In questa Premier sempre più aziendale, quanto manca Mourinho: oggi gli allenatori sono grigi funzionari

Ne scrive il Times: la necessità di essere politicamente corretti schiaccia la personalità di tutti i tecnici. Hanno paura di andare sopra le righe. Tutti: da Arteta a Slot da Frank a Carrick

Mourinho Bayern Gazzetta

Mg Reggio Emilia 03/12/2023 - campionato di calcio serie A / Sassuolo-Roma / foto Matteo Gribaudi/Image Sport nella foto: Jose’ Mourinho

Il gol di Trubin che ha permesso al Benfica di qualificarsi per i playoff di Champions League è stato il momento che ha reso digeribile la pesantezza del nuovo formato della Champions League e, allo stesso tempo, ci ha ricordato perché sentiamo la mancanza di Mourinho. La Premier League è dominante, certo, ma a scapito della personalità. Lo scrive il Times nell’analisi di Alyson Rudd.

“Nessuno ha mai davvero colmato il vuoto lasciato dall’addio dell’ex allenatore di Chelsea, Manchester United e Tottenham. Mourinho sarà stato a volte ridicolo, ma per lo più era divertente. Nessun altro tecnico si nasconderebbe in un cesto della biancheria per aggirare una squalifica a bordo campo. Oppure indosserebbe un microfono per “proteggersi” dagli arbitri. O ancora  mi avrebbe regalato l’esperienza surreale di discutere su quali giocatori del Chelsea, esattamente, stesse chiamando struzzi. Siamo riusciti entrambi a mantenere la faccia seria, incredibilmente”.

“La Premier League sta diventando sempre più aziendale e, con tutta la mole di dati e il grande denaro, sono arrivati allenatori molto “manageriali”. Liam Rosenior è quanto di più lontano da Mourinho si possa immaginare. È umile, serio, riflessivo, ed è parte della famiglia BlueCo. In nessun modo si potrebbe definire il nuovo allenatore del club un anticonformista o una mina vagante. Sa perfettamente cosa ci si aspetta da lui. Ha già allenato lo Strasburgo, anch’esso di proprietà di BlueCo, il veicolo creato da Clearlake Capital per acquistare il Chelsea nel 2022″.

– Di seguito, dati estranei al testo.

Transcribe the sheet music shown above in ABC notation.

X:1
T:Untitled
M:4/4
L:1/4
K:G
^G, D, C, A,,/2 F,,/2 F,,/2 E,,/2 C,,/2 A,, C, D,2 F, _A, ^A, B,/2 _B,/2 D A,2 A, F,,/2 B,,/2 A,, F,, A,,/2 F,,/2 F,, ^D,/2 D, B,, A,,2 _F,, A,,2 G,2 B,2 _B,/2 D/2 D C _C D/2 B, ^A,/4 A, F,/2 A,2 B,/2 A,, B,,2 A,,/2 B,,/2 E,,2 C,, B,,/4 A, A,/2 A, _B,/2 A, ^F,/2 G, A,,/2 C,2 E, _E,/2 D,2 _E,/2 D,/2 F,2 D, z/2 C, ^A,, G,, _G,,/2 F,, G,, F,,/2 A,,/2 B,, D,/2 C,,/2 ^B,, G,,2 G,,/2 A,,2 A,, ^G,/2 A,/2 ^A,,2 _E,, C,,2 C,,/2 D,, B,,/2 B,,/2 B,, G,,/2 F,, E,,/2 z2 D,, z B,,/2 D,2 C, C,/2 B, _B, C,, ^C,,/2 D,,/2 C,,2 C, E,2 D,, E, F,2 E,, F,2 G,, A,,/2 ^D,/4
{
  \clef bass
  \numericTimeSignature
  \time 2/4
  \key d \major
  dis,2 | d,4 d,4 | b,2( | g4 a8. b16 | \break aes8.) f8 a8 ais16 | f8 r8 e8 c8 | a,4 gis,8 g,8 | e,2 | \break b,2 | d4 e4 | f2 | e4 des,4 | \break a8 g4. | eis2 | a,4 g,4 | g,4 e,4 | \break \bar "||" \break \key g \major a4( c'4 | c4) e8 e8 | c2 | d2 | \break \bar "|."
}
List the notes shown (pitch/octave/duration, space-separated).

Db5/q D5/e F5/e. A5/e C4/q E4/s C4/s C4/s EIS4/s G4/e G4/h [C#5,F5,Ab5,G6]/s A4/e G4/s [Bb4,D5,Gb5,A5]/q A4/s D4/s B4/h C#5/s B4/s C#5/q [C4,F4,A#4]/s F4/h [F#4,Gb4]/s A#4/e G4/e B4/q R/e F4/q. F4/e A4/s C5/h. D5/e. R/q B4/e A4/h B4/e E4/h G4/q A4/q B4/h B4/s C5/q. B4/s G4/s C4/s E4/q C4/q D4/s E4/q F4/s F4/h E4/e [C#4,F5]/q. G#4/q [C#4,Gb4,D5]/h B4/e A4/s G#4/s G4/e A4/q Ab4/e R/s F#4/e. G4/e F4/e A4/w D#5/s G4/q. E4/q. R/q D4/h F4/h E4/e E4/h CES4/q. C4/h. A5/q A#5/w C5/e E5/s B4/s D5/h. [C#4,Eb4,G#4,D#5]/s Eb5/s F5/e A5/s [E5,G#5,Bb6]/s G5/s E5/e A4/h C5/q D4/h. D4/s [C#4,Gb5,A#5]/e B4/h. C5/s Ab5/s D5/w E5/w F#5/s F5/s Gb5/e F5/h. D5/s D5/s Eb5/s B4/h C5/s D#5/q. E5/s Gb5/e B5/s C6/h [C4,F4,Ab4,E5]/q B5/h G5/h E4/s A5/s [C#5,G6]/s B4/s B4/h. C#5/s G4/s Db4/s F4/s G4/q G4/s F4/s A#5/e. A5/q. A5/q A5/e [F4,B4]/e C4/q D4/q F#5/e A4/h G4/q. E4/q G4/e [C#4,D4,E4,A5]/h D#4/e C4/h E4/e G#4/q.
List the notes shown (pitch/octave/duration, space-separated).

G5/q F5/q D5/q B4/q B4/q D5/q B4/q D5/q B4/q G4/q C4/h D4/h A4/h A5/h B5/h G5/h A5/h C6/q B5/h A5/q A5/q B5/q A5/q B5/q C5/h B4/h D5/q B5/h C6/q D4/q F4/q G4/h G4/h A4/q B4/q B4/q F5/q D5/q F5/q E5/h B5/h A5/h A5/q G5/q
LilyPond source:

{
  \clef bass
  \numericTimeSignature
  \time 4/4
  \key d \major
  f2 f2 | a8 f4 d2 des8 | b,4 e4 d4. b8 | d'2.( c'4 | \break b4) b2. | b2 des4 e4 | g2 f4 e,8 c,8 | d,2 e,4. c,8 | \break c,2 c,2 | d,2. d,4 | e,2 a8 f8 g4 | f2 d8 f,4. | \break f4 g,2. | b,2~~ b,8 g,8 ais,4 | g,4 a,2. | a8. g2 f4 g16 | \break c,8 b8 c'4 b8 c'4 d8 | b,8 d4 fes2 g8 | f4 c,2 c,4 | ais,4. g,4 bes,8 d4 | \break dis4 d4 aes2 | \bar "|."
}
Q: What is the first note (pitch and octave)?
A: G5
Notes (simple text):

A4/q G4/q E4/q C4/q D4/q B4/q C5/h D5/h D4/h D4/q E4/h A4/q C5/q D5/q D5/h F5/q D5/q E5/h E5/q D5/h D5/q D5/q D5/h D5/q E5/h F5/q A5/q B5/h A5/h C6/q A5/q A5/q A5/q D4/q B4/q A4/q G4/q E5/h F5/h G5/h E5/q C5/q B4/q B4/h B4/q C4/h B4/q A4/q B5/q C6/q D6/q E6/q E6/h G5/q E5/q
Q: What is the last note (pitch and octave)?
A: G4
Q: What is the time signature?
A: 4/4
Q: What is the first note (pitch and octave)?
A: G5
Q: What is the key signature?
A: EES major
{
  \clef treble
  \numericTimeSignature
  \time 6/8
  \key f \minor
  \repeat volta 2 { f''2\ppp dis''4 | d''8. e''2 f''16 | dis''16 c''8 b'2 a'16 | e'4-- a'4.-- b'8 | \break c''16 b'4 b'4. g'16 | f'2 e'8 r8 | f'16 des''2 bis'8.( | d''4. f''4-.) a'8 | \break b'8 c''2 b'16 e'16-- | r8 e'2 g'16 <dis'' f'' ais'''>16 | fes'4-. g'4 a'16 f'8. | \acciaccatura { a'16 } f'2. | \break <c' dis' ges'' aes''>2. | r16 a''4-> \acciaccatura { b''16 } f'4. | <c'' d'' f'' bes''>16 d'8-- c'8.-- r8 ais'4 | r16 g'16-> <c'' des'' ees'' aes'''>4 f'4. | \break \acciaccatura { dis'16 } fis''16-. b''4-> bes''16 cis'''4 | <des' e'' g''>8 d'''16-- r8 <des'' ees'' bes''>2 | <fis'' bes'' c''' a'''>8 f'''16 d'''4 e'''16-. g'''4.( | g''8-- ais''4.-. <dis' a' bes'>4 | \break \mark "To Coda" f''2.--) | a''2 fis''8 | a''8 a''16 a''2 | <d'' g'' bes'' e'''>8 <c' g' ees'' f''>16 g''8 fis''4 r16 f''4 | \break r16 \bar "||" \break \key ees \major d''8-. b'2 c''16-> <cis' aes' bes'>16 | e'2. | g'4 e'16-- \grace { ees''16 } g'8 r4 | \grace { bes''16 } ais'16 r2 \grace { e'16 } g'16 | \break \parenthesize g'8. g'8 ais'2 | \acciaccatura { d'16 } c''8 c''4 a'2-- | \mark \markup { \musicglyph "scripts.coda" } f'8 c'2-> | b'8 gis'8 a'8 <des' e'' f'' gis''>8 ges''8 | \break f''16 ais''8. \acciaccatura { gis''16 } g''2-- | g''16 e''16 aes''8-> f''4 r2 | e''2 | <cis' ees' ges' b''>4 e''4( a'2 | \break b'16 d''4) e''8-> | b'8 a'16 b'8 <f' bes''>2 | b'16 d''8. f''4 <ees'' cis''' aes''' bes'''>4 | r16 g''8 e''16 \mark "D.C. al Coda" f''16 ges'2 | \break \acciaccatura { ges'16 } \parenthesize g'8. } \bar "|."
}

 “Ruben Amorim aveva ravvivato un po’ l’atmosfera con la tendenza a parlare senza filtri. Lo diceva quando riteneva che il suo fosse «il peggior Manchester United di sempre», e finché questi sfoghi venivano considerati un sintomo di genialità, la dirigenza li ha tollerati”.

Scrive ancora il Times

“Michael Carrick è un sostituto molto più assennato a Old Trafford, ma difficilmente lo vedremo correre lungo la linea laterale dando il cinque ai tifosi e prendendo a calci le bottigliette. La necessità di essere politicamente accorti impedisce agli allenatori di essere se stessi. Thomas Frank è un tecnico molto intelligente e una personalità coinvolgente, capace di discutere di ogni genere di temi. Al Tottenham cammina sul filo del rasoio. Deve trasmettere l’idea di essere l’uomo di cui il club dovrebbe fidarsi. Sapendo al tempo stesso che una tifoseria scontenta è pronta ad azzannare qualsiasi frase che, ai suoi occhi, dimostri che non è l’uomo giusto e va esonerato. E così, in sostanza, è meno rilassato e meno divertente di prima”.

“Quando Oliver Glasner ha dichiarato che la sua squadra era stata «completamente abbandonata» dalla dirigenza del Crystal Palace dopo la sconfitta contro il Sunderland, i commentatori si sono affrettati a sottolineare che aveva compromesso le sue possibilità di ottenere una grande panchina. Non perché sarebbe stato considerato un allenatore fallimentare, ma perché poteva risultare difficile da gestire. Troppa personalità”.

“Pep Guardiola può essere pungente e anche spiritoso, ma è un caso a parte, immune alle normali regole del mercato degli allenatori. Sono convinto che Mikel Arteta sappia raccontare una barzelletta memorabile sui tre cavalli al pub, ma è così ostinatamente serio che ogni volta che sorride tutti tirano un sospiro di sollievo. Arne Slot è sotto pressione a Liverpool, ma è talmente calmo, misurato e cortese che persino le risposte più innocue in conferenza stampa vengono ormai analizzate alla ricerca di qualche sottotesto nascosto. Jürgen Klopp era un’eredità pesante e a Slot ha fatto bene a non cercare di competere sul terreno delle battute, ma una parte dei tifosi del Liverpool inizia ad avvertire una lieve noia”.